# COLLECTED MATERIAL
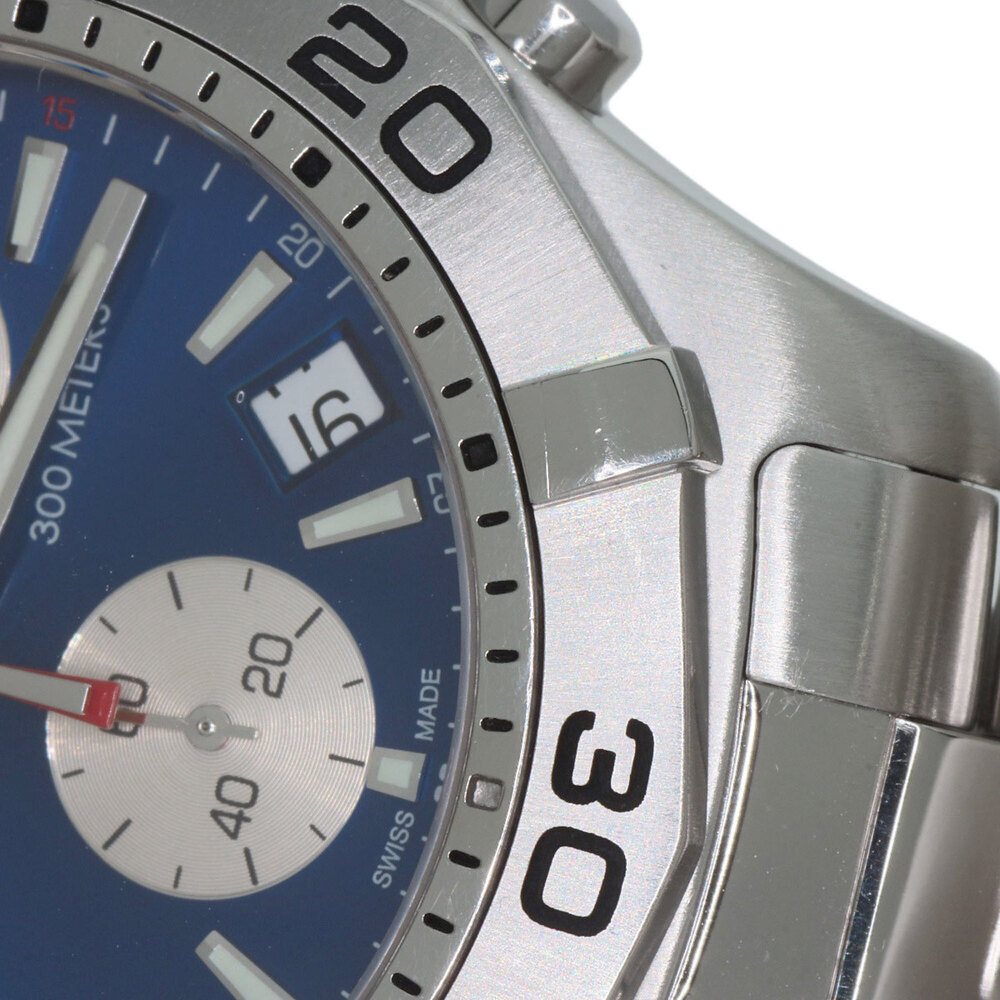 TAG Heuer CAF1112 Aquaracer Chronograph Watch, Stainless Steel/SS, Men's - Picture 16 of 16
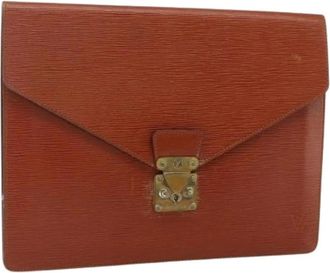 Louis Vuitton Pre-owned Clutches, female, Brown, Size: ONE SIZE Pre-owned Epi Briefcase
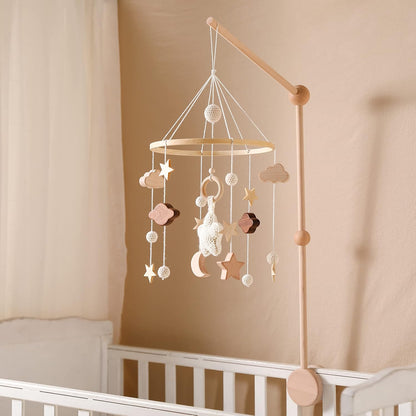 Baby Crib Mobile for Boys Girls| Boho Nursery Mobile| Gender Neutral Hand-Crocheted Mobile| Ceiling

# BRIEF
With the pictures set aside, return each line of the listing exactly as given.

# ANSWER SECTION
 TAG Heuer CAF1112 Aquaracer Chronograph Watch, Stainless Steel/SS, Men's - Picture 16 of 16
 Louis Vuitton Pre-owned Clutches, female, Brown, Size: ONE SIZE Pre-owned Epi Briefcase
 Baby Crib Mobile for Boys Girls| Boho Nursery Mobile| Gender Neutral Hand-Crocheted Mobile| Ceiling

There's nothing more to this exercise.